采青转身退了出去。
耿氏连忙谢了谢,在一旁的小凳子上坐了。
“夫人今天特意过来,可是有什么事儿?”秦倩心能和耿氏认识,说起来也是机缘巧合,当初秦倩心要开水粉铺子,可是一时找不到人来看店,还是耿氏介绍桂姨来当掌柜,解了秦倩心的燃眉之急。自那以后,二人之间就算有了来往,秦倩心也邀耿氏去上过几次香,别看耿氏现在过得潦倒,可以前人家好歹也是秀才夫人,身上自有一股气派呢!秦倩心跟她待在一处,既感觉不到那些市井的粗俗,又能在身份上压倒对方,秦姨娘很得意呢。

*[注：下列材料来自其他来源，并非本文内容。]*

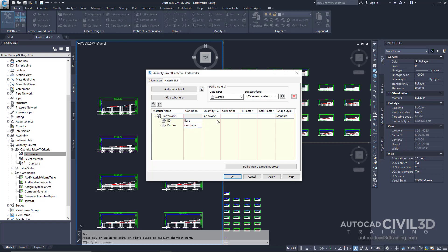The cut factor is typically used as an expansion factor for excavated material and is usually one or higher. The fill factor is typically used as a compaction factor for fill material and is usually one or higher. The refill factor indicates what percentage of cut material can be reused as fill. It should be one or lower.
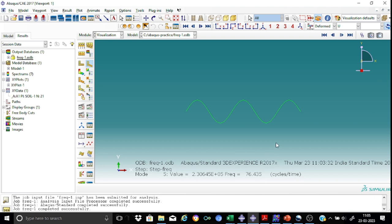So this is a very simple problem that demonstrated how to extract the modal frequencies as well as modal shapes using a very simple beam model. And we have used the so-called non-structural mass option in Abacus. That's all.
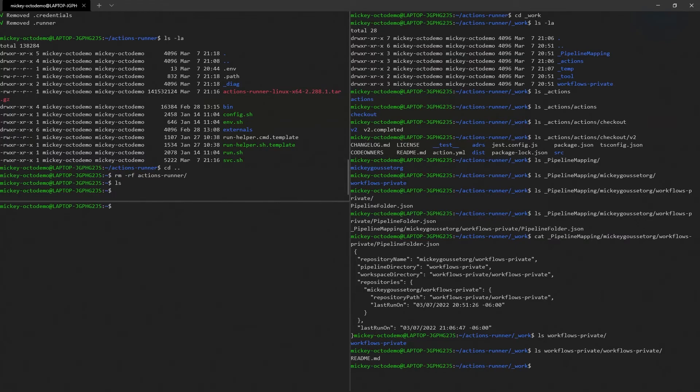So there you go. That's how you can uninstall a self-hosted runner, and we did a little bit more of diving into some of the information that's in some of these dot files.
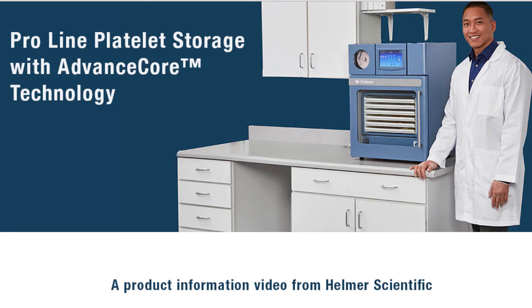Here at Helmer Scientific, we're thrilled to show you our ProLine platelet storage systems powered by advanced core thermoelectric heating and cooling technology.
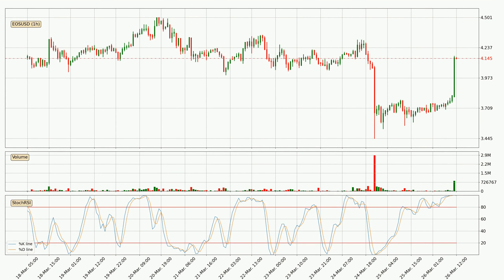Moving to the hourly stochastic RSI, currently both the percent K and percent D lines are very high, meaning that the crypto is being highly bought and a change in the trend can be expected, or for it to remain at least stable for some time. The K line is below the D line, which shows that the trend has already shifted to the downside.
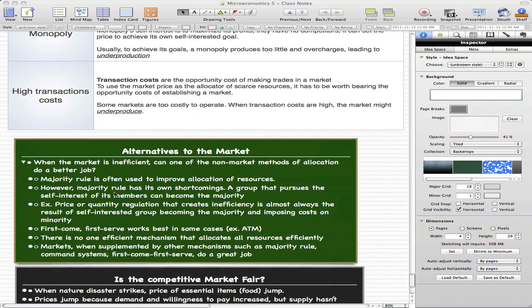Now, majority rule is often used to improve the allocation of resources, so majority rule is used a lot. However, majority rule also has its own shortcomings or cons.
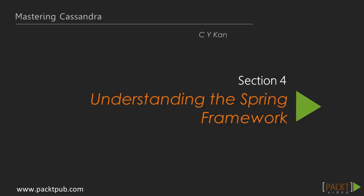Welcome to the fourth section of the Mastering Cassandra video course. In the last section, we made a high-level design of the application. In this section, we'll learn about the core components of the popular Spring framework.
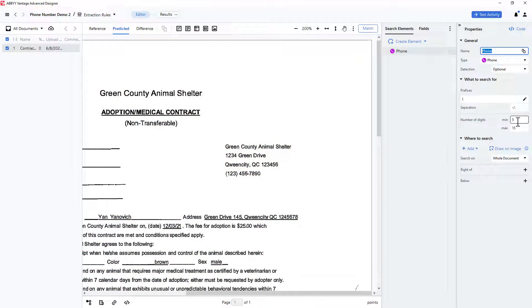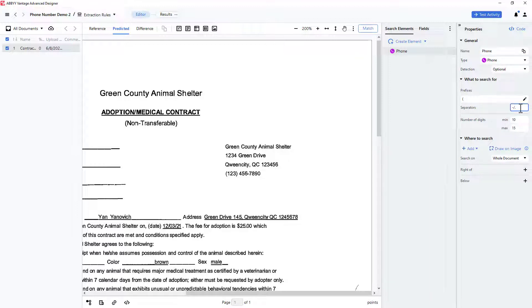I'll specify the number of digits as being between 10 and 15. I can indicate that the separators might be close parentheses and dash characters.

耿氏也拿不准秦倩心会高兴,还是会生气,她犹豫了一下,还是道:“有件事儿,想跟奶奶说说,只是还请奶奶原谅则个,小妇女不懂事,一时嘴快了。”
秦倩心一头雾水,“夫人说得哪里话,到底什么事啊。”
耿氏拍了拍大腿,只道:“伸头一刀,缩头也是一刀。我就跟奶奶直说了吧,事后奶奶要打要罚,我都认了。”
耿氏遂把自己回娘家遇到孙德财一事,从头到尾讲了一遍,她省略了自己得到好处的那一部分没说,其余的倒是没有隐瞒。
秦倩心听明白了事情的前因后果,不由得怒火烧,凭什么秦黛心就这么好命?凉州的孙家她也听说过,那样大的家族怎么就又非秦黛心不娶了,还有那个孙天宝,才十岁,已经是举人了,只要规划的好,考个进士也不是没有可能,天底下那么多人,怎么就要娶秦黛心?难不成凉州的闺秀都死绝了?这事儿就像当初贾家极力要娶秦黛心过门时候一模一样,她真有那么好?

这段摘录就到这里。